Over the past decade, digital transformation has evolved such that every system and device has a digital trail: from IT servers, to factory equipment, to consumer electronics, to buildings, to cars. Increasing data volumes, rates, and variety have created increasing complexity, not to mention these new datasets must be analyzed in real-time. Fit-for-purpose data platforms allow for storing and applying advanced analytics to unlimited raw data. Analytics can occur on edge systems, in data centers, or across cloud providers. Streaming compute platforms enable the processing of real-time data. Given the exponential growth of data rates and the time-critical demand for responses, we must consider robust approaches to analyze and deliver predictions, inferences, and/or classifications in near real-time.
The StreamSets DataOps Platform enables companies to build, execute, operate, and protect continuous dataflows that unleash pervasive analytics. It combines award-winning open source software featuring Intelligent Pipelines with a cloud-native control plane that helps enterprises manage their data movement as a continuous ingestion practice.
To provide time-critical responses for analyzing data sets, StreamSets provides the capability to create pipelines that ingest datasets or dimensions and generate predictions or classifications within a contained environment. All this without having to initiate HTTP or REST API calls to ML models served and exposed as web services. For example, StreamSets pipelines can now detect fraudulent transactions or perform natural language processing on text in real-time as data is passing through various stages before being stored in the final destination—for further processing or decision making.
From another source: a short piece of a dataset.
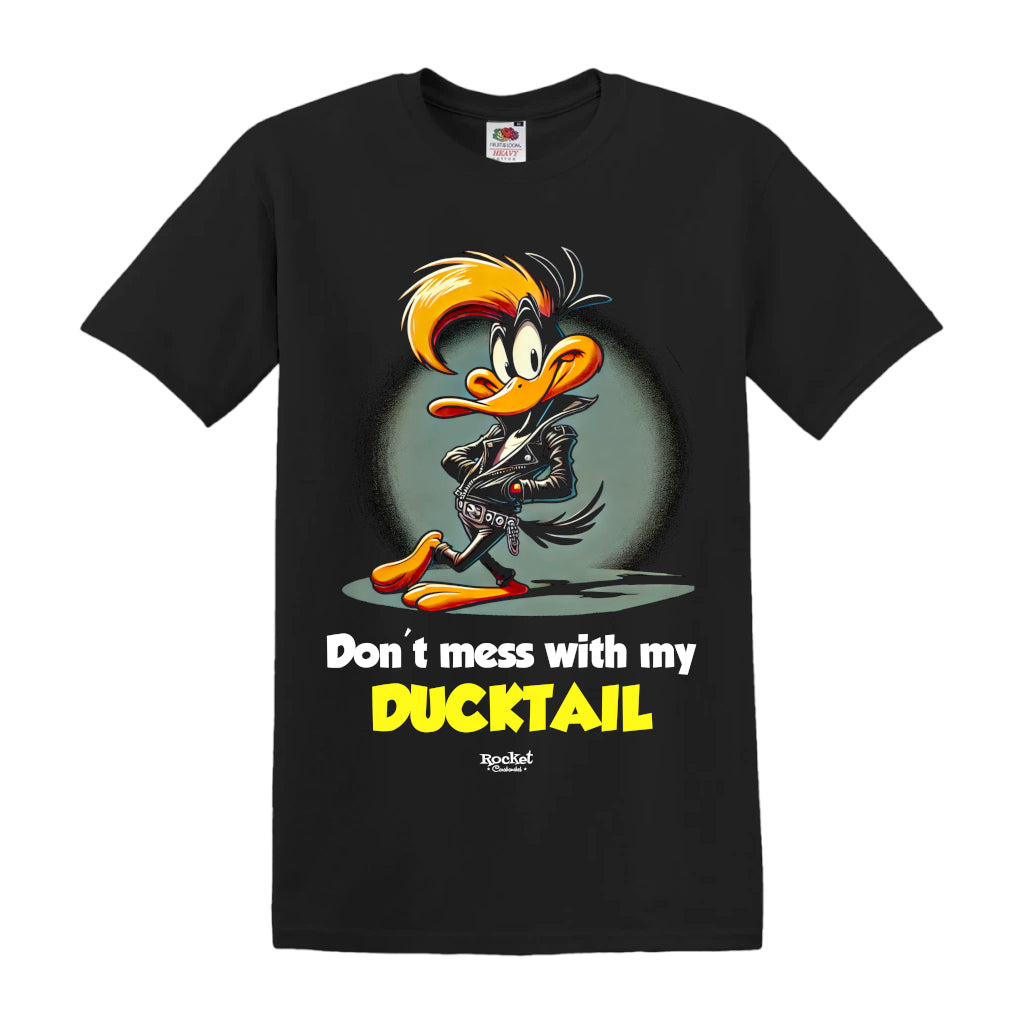 Camiseta Don't Mess With My Ducktail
Consider the use case of classifying a breast cancer tumor as being malignant or benign. The (Wisconsin) breast cancer is a classic dataset and is available as part of scikit-learn.
Note: Detailed instructions on how to train and export a TensorFlow model using this dataset and using it in your StreamSets dataflow pipelines are provided in this blog post.
Once the model is trained and exported using TensorFlow SavedModelBuilder, using it in your StreamSets dataflow pipelines for prediction or classification is pretty straightforward. Upon previewing (or executing) the pipeline, the input breast cancer records are passed through the pipeline stages including the TensorFlow model:
The final output records are sent to both Azure Data Lake Storage Gen1 and Azure Data Lake Storage Gen2 as shown above. The output includes breast cancer features used by the model for classification, model output value of 0 or 1 in user-defined field TF_Model_Classification, and respective cancer condition Benign or Malignant in field Condition created by Expression Evaluator.
For details on data preparation stages in this pipeline, checkout this detailed blog post.
Here’s a screenshot of the pipeline continuously reading patient data and classifying breast cancer tumor as being Benign or Malignant in real-time:
The example above illustrates the use of Machine Learning Evaluators in StreamSets. These evaluators will enable you to discover useful information in streaming data with pre-trained ML models. Generating predictions and/or classifications without having to write any custom code becomes extremely easy and at the same time provides time critical responses for analyzing streaming data sets.